90B looks like the best choice to me, am I missing something?
110 was pretty heavily limited by the fact they didn't want to do major realignments nor did they push adding wires. Which is a key part of upgrading to those speeds. EMUs even if it was the heavy M8 at would have helped reduced the time a lot. 160-180mph which should have been a strong contender for Albany to NYC just got swept away.
metro north is also lying about the lack of capacity on their section. they can absolutely take more than 1 train an hour on their line
 
Everyone in the know among the rail advocacy groups knew that they were going to select 90B. It is a surprise that it took them 5 years to spill their guts :) IMHO their own table suggests that 110 would have been a better choice, but they know that their own table does not reflect the real costs expected. So to some extent it is a bit of a GIGO exercise with lipstick put on to make it look legitimately credible, :( but to some extent having the exactly opposite effect. Afterall you have to be very careful when cooking the numbers :D
 
90B looks like the best choice to me, am I missing something?
🤔 By the numbers given, 110 looks the best. For less than a billion more than 90B, you'd get 200k more riders a year on the same number of trains, a smaller deficit/subsidy, and a higher operating ratio.
 
But the break even point on the capital increase vs. the operating deficit decrease is 90 years, not including bond interest.
1) The same is nearly true (85 years) about the **big** leap of over $4 billion in capital between 90A and 90B.

Cost is relevant, but the focus should be on more bang for the buck, not just spending fewer bucks. Opponents would say the fewest bucks would be spent by doing nothing.
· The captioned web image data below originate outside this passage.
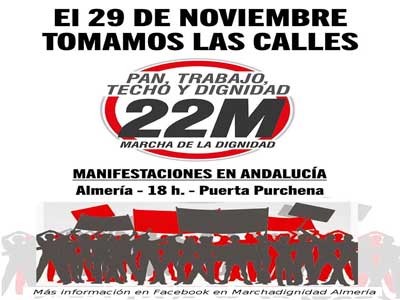 Izquierda Unida realiza un llamamiento para que toda Almera participe en la manifestacin de las 'Marchas por la dignidad'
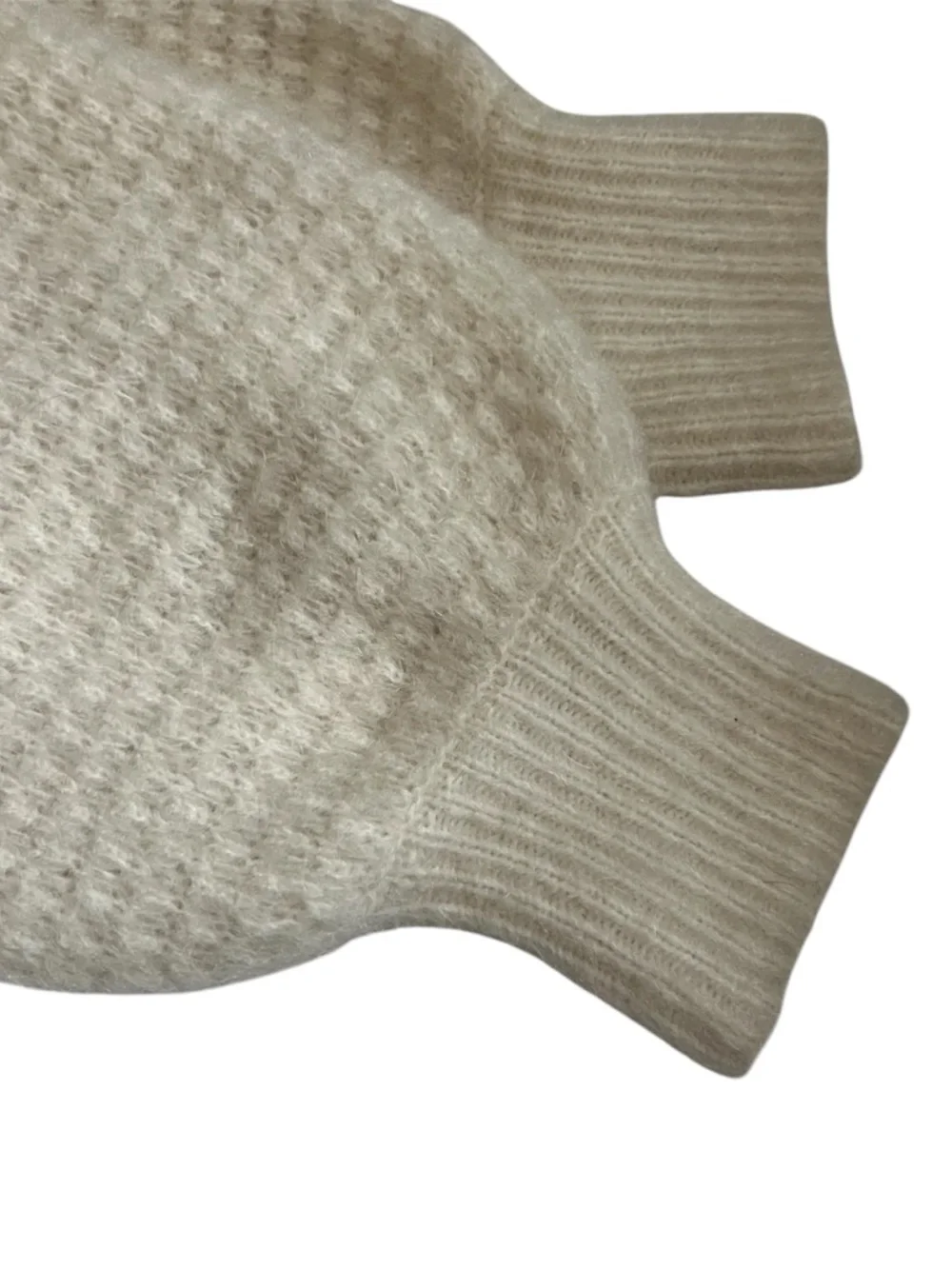 Sezane Solena Cardigan Sweater Kid Mohair Wool Ecru Large Fancy Knit Puff Sleeve - Picture 11 of 16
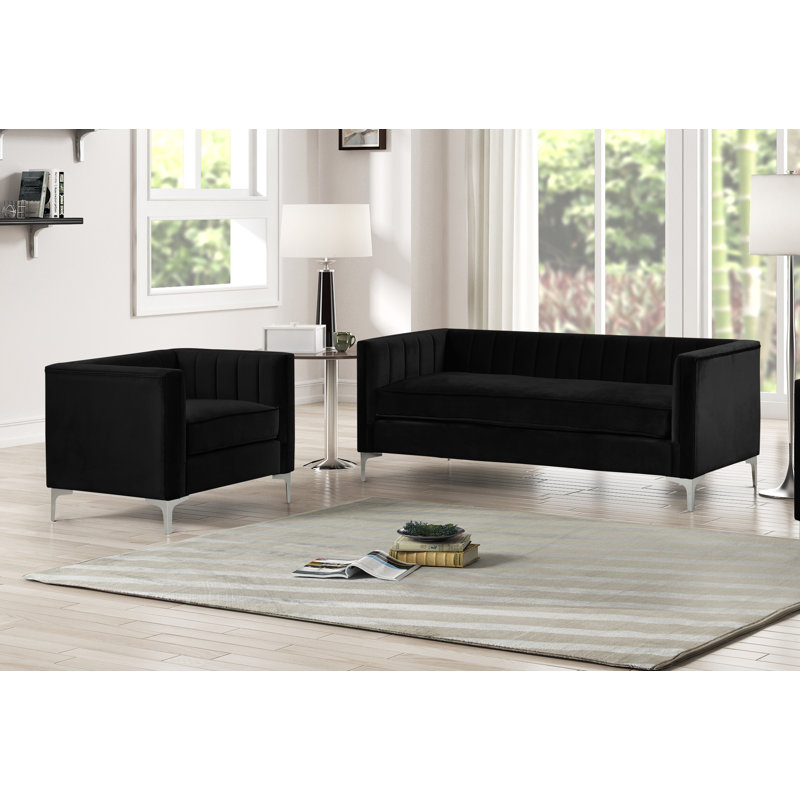 Ensemble de salon en velours Louis, 1 canapé, 1 fauteuil, Noir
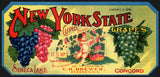 Vintage label NEW YORK STATE Grapes Cupid pictured C R Brewer Starkey New York n-mint+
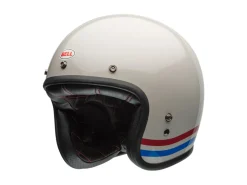 CASCO JET BELL CUSTOM 500 STRIPES BIANCO PERLATO ECE 06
2) Financially, money is money, but politically it isn't. Capital comes mostly from the Feds (knock on wood!) while ongoing state operating expenses/subsidy are a focus of opposition. Spending capital to reduce annual expenses **and** have faster trains with more riders is the right choice IMHO.
 
If I'm looking at that, making end to end and hour and a half shorter is worth doing, making it 14 more minutes shorter is practically the same difference.
 
It is more than just time, added trips are included. If there is not an arrival/departure that works for you, time aboard may not be a factor. Doubling service to the West is a major improvement.
 
It is more than just time, added trips are included. If there is not an arrival/departure that works for you, time aboard may not be a factor. Doubling service to the West is a major improvement.
The number of trips is exactly the same between 90B and 110, the only two really in the running. 125 was dropped from consideration very early on since no one seemed to have the stomach for building a completely new ROW like CHSR is doing.
 
125 was dropped from consideration very early on since no one seemed to have the stomach for building a completely new ROW like CHSR is doing.
which is a real shame I get if the whole thing couldn't justify a new line but taking Albany to NYC could have been a 160mph route. with the Albany to buffalo getting the 90B plan but with more curve work
 
which is a real shame I get if the whole thing couldn't justify a new line but taking Albany to NYC could have been a 160mph route. with the Albany to buffalo getting the 90B plan but with more curve work
NY to Albany at 160mph has never been under any serious consideration. The most that has ever been formally considered is 125. Both will cost more than NYS is willing to spend on such things apparently.
 
I thought NYC to Albany already had some 110 mph sections. Is the 90 mph the overall average speed? Or are they planning to upgrade sections less than 90 now up to 90?
The 90A and 90B moniker mostly refer to Empire Service West, i.e. Albany to Buffalo. NYP - ALB might actually get some additional 110mph segments North of POU over time. But nothing will change on MNRR as far as I can tell.
 
A nice page by ESPA summarizing the projects on Empire Corridor South

https://www.esparail.org/resources/hudson-line-projects/
The interesting part for me is that they appear to be planning for two passenger-only tracks on each side of Amsterdam. For the areas west of Amsterdam are they planning to have two passenger tracks the entire way to Buffalo? I know the NYC originally had 4 tracks.
 
The interesting part for me is that they appear to be planning for two passenger-only tracks on each side of Amsterdam. For the areas west of Amsterdam are they planning to have two passenger tracks the entire way to Buffalo? I know the NYC originally had 4 tracks.
One has to poke around the FEIS to see if they say anything about proposed track layouts. They certainly have a lot of details about possible timetables that have been used for simulations to validate each alternative.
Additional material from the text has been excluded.